- **ACTIVITY**: Please restate, exactly as they appear, only the lines from the one that contains "In this photograph" to the final line of the entries, with no pictures.
*** Block opens ***
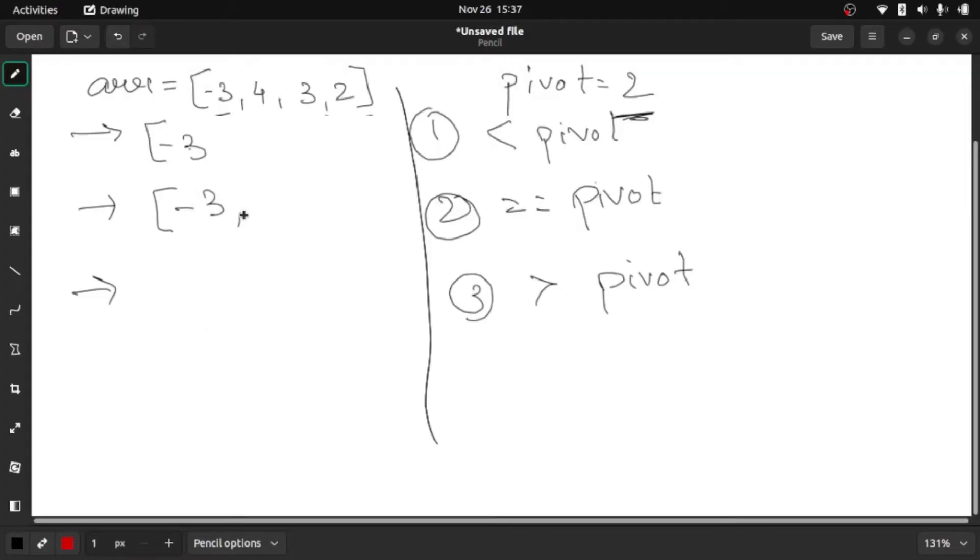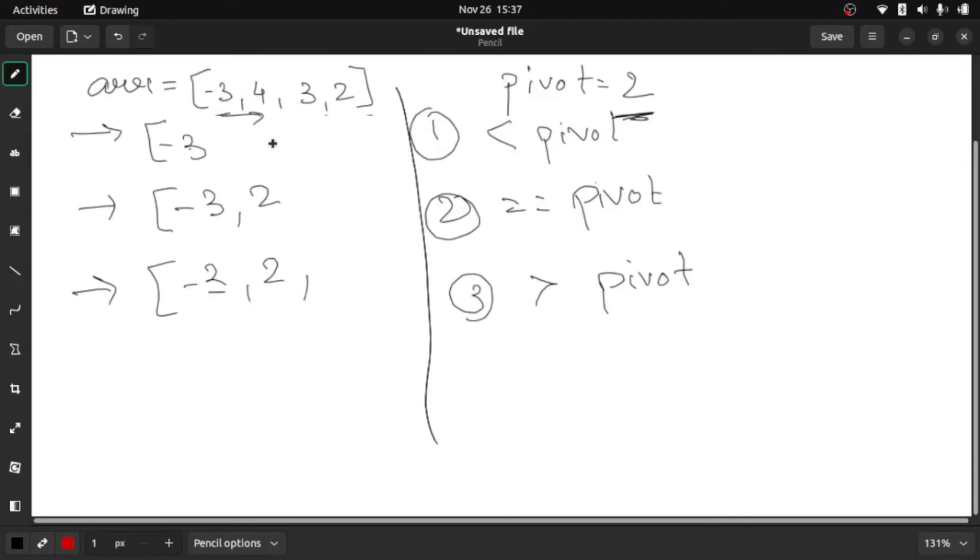What are the elements that are equal to pivot? So it is two. We have written that. And now we'll see what elements are greater than pivot. So here, four and three.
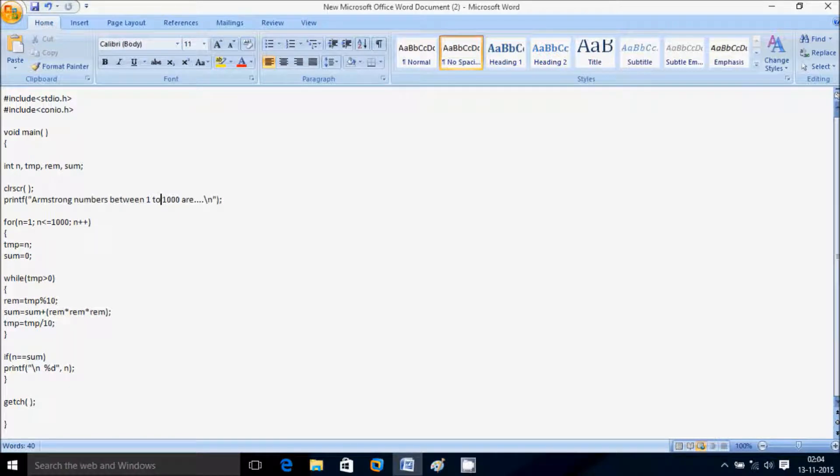Hi guys, in this video I am going to discuss about how to display Armstrong numbers between 1 to 1000 using C language.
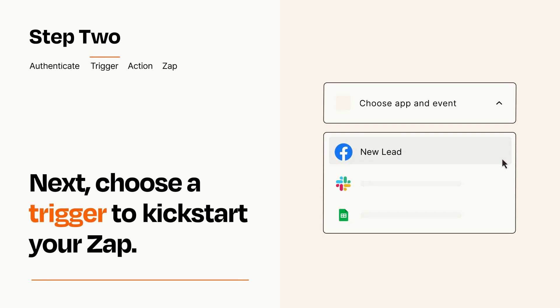Now let's set up your trigger, which is the event that starts your Zap. Pick the trigger event that you want from the list.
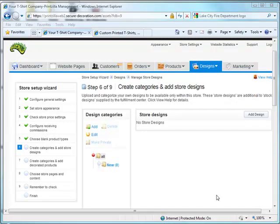Welcome to PrintZilla OSM online tutorial videos. In this video we'll be covering step number six, create categories and add store designs.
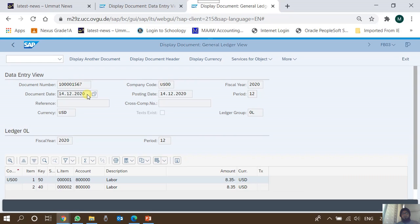For example, if there is an invoice, whatever date is on the invoice is the document date. If there is a utility bill, whatever date appears as the issue date on the utility bill — that's the document date. It is also known as journal entry date in the Fiori interfaces of SAP, but this is a misnomer, because in accounting literature, journal entry date usually refers to the date on which the accounting is being recorded for a transaction.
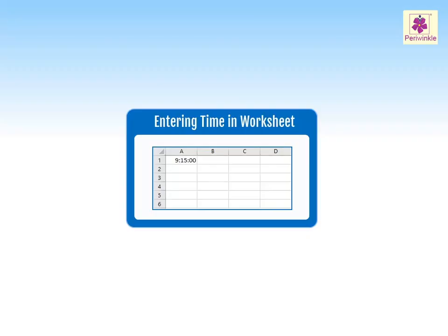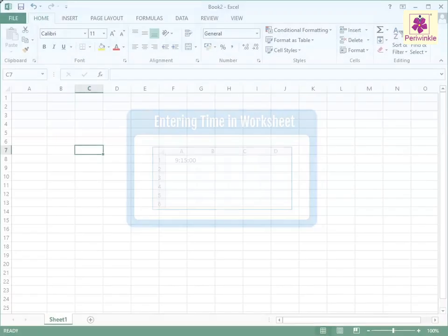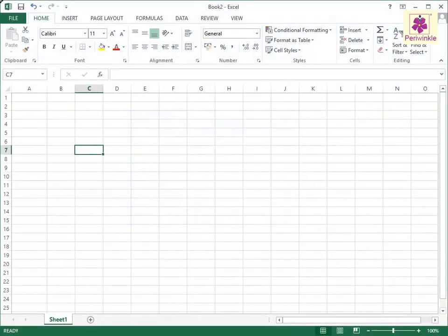Let's learn how to enter time in a worksheet. Open a new workbook and select a cell.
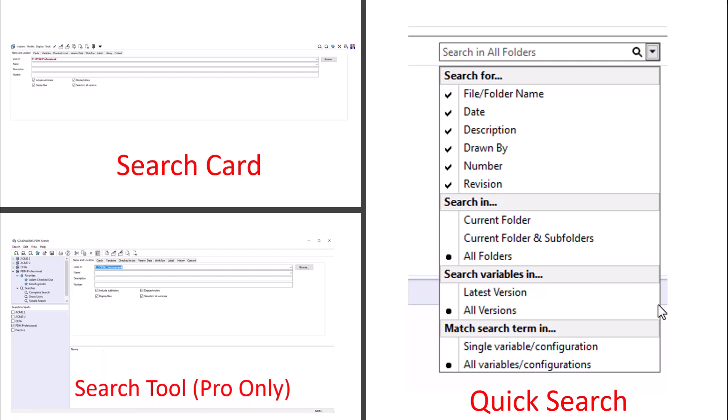When searching inside of PDM, there are three main search tools to choose from: the quick search bar, search cards, and the search tool, which is a pro-only feature.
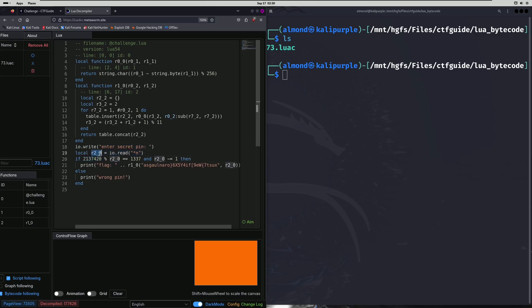Then it reads our input into this R2_0 variable. And then it has an if condition that states if 2137420 mod our input is equal to 1337, and our input is not equal to (tilde equals is Lua's version of not equal to) one, then print the flag.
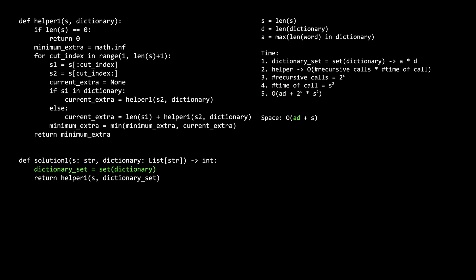For space, we have ad for creating the dictionary set. It has d words, where each word will have potentially a letters, plus we have O of s for the max depth of recursion. So that's it for the first solution.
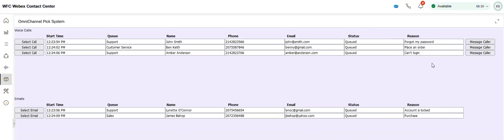In addition, while that caller is waiting in queue, an agent that may be handling a different phone call at the time can send a message to one of these callers waiting in queue. So they can click on the message caller button, type in their message, and that gets played in the queue.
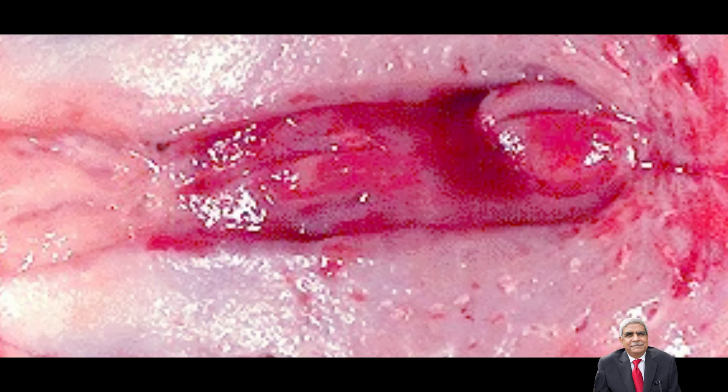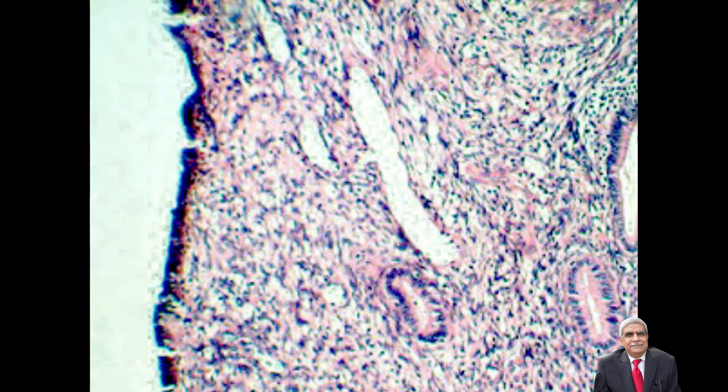In this photograph you can appreciate the gross appearance of the endometrial polyp. You can very well see that the endometrial polyp is present in the endometrial cavity and is reddish brown in color.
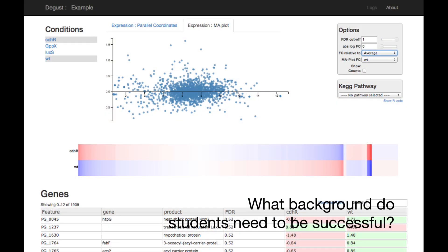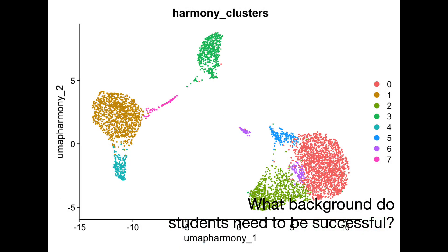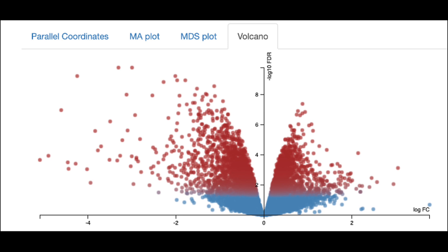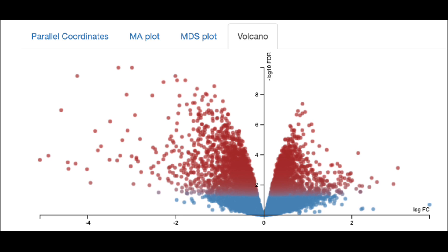We expect students to come from a diverse background — from those strong in biology to those that have more of a computational background — but we designed it so we will fill in the gaps in their knowledge to make sure they have that solid underpinning to go forward.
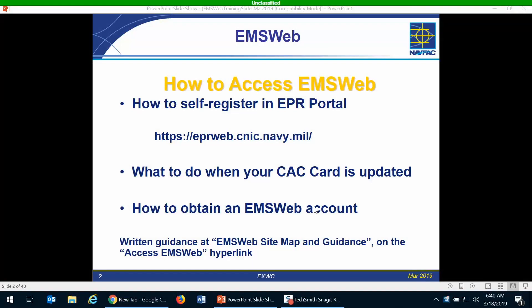Welcome to the training session for EMS Web. In this session we're going to be talking about how to access EMS Web.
*** Block closes ***
- **SOLUTION FOR THIS PROBLEM**:
In this photograph you can appreciate the gross appearance of the endometrial polyp. You can very well see that the endometrial polyp is present in the endometrial cavity and is reddish brown in color.
We expect students to come from a diverse background — from those strong in biology to those that have more of a computational background — but we designed it so we will fill in the gaps in their knowledge to make sure they have that solid underpinning to go forward.
Welcome to the training session for EMS Web. In this session we're going to be talking about how to access EMS Web.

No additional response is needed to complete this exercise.